I wish I could say that this marked the end of the story, the point where Old Peter said goodbye, with his selfishness and his anger, and New Peter took his place, and we all lived happily ever after. Alas, that was not the case; it was, at best, only the end of the beginning.
I had a lot of work to do when I came home, to process what had been unearthed at the Bridge and to begin to try to heal my relationships with my wife and my children. With the help of two wonderful therapists, Esther Perel (alone) and Lorie Teagno (with my wife), I made slow progress as the weeks and months went by. Lorie and Esther both felt I needed a male therapist, one who could model healthy male emotions. I tried out several good male therapists, but I did not feel a connection to any of them the way I had felt connected to Jeff English, my primary therapist at the Bridge.
I was ready to give up when Esther suggested that I read Terrence Real’s book I Don’t Want to Talk About It, a groundbreaking treatise on the roots of male depression. Once I started, I could not put it down. It was almost creepy that this guy seemed to be writing about me, despite never having met me. His main thesis is that with women, depression is generally overt, or obvious, but men are socialized to conceal their depression, channeling it inward or into other emotions, such as anger, without ever wanting to discuss it. (Hence the title.) I could relate to the stories that he shared about his patients. So I began to work with Terry as well. After having gone far too long without any therapy at all, I was now seeing three therapists.
Terry had grown up working-class in Camden, New Jersey, with a father whom he describes as a “loving, smart, and brutally violent man.” It turned out that the driving force was his father’s hidden depression, which he had adeptly handed on to Terry. “My father beat his depression into me with a strap,” he told me. Trying to cope with his father’s anger and violence was what had pushed him in the direction of studying psychotherapy. “I needed to make sense of my father and his violence, so I would not repeat it,” he said.

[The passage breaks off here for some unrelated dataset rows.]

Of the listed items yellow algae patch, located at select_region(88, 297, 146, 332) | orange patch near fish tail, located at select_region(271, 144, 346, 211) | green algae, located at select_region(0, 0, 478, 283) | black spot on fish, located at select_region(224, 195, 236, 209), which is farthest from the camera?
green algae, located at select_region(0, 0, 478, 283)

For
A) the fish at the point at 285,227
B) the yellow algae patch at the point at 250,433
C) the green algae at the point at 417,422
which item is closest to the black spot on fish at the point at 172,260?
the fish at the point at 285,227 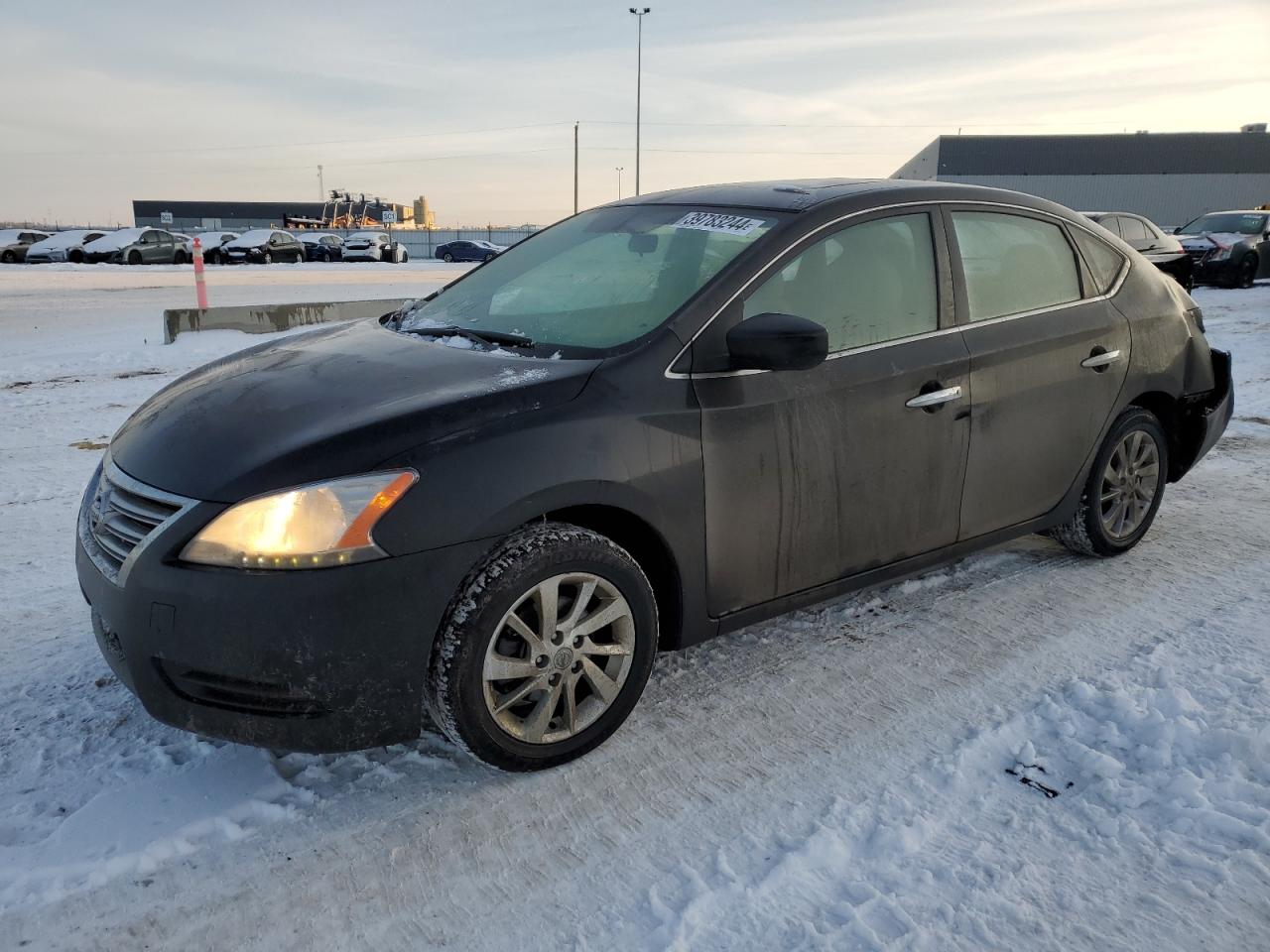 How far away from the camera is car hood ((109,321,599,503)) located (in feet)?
7.73

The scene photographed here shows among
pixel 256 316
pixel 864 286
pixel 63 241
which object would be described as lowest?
pixel 256 316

Terry helped me continue to connect the dots between my own childhood and the kinds of dysfunction that had marked my adolescence and my life as an adult. Looking back at my teenage self, and the way I was in college, I realize now that I was morbidly depressed—clinically, off-my-rocker depressed. I just didn’t know it at the time. I had the classical symptoms of covert male depression, which were a tendency to isolate myself and, above all, a propensity to anger, perhaps my most potent addiction. One of the first things I wrote in my journal, after an early discussion with Terry, still resonates today: “90% of male rage is helplessness masquerading as frustration.”
Terry helped me make sense of the helplessness that I still felt. I came to understand that the crucial factor for me was the shame I felt about having been victimized. As is the case with many men, I had flipped that shame into a feeling of grandiosity. “Shame feels bad; grandiosity feels good,” he told me. “It is central to masculinity and traditional manhood, this flip from the one-down victim to the one-up avenger. What’s devilish about flipping from shame into grandiosity like this is that it works. It makes you feel better in the short run, but it just creates havoc in your life in the long run.”
Even worse was the realization of what my behavior had been doing to my family, especially my kids. I was not so delusional as to think I was being a particularly good dad, at that point, but I took at least some modicum of pride in the fact that I could protect my kids from the trauma I had suffered. I was a great “provider” and “protector.” They would never have to suffer my specific childhood shame. But I knew they saw my overflowing anger, even though it was rarely directed toward them or Jill.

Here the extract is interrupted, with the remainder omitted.